▸ **Items from a data source**:

○ ○ ○ ○

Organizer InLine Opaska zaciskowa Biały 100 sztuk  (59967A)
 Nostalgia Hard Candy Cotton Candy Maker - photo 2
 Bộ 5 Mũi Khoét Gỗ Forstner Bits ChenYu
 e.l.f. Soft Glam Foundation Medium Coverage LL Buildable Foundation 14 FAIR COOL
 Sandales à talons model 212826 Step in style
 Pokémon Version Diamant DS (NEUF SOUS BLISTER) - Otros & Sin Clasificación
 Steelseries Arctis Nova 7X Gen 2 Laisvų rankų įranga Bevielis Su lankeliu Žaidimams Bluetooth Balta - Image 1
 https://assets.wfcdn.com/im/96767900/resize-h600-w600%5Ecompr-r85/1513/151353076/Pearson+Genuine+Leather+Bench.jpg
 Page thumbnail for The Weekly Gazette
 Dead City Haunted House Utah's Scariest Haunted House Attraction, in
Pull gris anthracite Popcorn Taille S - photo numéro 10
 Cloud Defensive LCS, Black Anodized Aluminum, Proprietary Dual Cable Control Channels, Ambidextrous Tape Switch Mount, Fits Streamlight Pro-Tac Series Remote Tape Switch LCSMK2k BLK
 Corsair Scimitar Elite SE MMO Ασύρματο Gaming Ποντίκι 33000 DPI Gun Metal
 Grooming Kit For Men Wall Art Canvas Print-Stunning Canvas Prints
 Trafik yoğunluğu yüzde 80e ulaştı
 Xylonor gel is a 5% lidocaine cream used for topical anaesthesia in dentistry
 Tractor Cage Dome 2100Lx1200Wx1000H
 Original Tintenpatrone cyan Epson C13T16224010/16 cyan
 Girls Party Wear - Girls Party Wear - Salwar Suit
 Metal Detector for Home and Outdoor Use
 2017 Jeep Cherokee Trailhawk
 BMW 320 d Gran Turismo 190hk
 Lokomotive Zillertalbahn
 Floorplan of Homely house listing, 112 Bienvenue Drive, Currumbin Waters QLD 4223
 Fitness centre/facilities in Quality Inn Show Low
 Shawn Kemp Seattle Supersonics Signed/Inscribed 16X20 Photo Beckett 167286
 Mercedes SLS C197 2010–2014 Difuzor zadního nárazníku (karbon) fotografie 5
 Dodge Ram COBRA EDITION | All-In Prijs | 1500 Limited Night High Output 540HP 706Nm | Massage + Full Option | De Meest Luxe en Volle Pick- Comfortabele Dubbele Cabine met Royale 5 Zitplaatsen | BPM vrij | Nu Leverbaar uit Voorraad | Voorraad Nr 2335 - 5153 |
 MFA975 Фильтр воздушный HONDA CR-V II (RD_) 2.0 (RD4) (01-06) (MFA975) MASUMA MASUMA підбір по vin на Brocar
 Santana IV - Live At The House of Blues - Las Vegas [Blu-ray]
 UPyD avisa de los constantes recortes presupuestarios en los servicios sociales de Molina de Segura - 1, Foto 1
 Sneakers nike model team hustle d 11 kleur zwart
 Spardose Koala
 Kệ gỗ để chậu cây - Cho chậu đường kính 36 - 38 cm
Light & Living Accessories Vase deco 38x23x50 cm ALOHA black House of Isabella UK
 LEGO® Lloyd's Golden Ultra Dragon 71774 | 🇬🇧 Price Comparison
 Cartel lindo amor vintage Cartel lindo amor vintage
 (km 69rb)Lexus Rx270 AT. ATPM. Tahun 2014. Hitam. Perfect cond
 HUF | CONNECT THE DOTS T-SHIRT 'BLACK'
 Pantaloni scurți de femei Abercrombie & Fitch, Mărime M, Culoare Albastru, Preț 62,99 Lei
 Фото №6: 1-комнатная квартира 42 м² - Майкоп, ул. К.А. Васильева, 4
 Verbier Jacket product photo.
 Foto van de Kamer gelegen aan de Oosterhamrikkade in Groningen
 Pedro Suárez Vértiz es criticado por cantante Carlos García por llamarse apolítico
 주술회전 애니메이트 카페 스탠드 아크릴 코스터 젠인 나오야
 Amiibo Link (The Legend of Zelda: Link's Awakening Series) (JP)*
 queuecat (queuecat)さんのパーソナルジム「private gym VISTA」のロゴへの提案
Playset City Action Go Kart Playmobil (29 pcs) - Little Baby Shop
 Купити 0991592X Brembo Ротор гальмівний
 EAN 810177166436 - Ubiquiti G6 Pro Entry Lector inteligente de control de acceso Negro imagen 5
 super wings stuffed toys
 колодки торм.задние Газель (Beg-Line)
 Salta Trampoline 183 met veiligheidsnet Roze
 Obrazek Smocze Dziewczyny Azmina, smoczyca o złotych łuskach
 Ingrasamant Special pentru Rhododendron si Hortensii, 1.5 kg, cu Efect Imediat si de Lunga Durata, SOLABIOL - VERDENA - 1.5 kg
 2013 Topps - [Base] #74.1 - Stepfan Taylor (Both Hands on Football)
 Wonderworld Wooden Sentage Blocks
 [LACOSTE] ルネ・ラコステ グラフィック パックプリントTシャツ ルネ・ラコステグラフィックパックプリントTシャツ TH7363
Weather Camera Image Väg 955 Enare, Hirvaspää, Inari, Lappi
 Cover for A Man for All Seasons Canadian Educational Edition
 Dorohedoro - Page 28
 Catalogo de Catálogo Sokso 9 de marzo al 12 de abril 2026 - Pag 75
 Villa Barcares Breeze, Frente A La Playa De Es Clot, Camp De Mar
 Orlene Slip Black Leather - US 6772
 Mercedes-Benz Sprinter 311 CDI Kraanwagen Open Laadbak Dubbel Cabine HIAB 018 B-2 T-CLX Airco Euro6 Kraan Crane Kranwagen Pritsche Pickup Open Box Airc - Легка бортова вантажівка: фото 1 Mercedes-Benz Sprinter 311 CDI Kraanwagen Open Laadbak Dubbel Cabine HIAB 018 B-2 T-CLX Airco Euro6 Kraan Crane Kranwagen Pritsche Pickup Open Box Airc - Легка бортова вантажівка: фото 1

○ ○ ○ ○

▸ **GOAL OF THE EXERCISE**:
Copy the lines of the entries above that mention "Leather".

▸ **RESULT OF THIS EXERCISE**:
 https://assets.wfcdn.com/im/96767900/resize-h600-w600%5Ecompr-r85/1513/151353076/Pearson+Genuine+Leather+Bench.jpg
 Orlene Slip Black Leather - US 6772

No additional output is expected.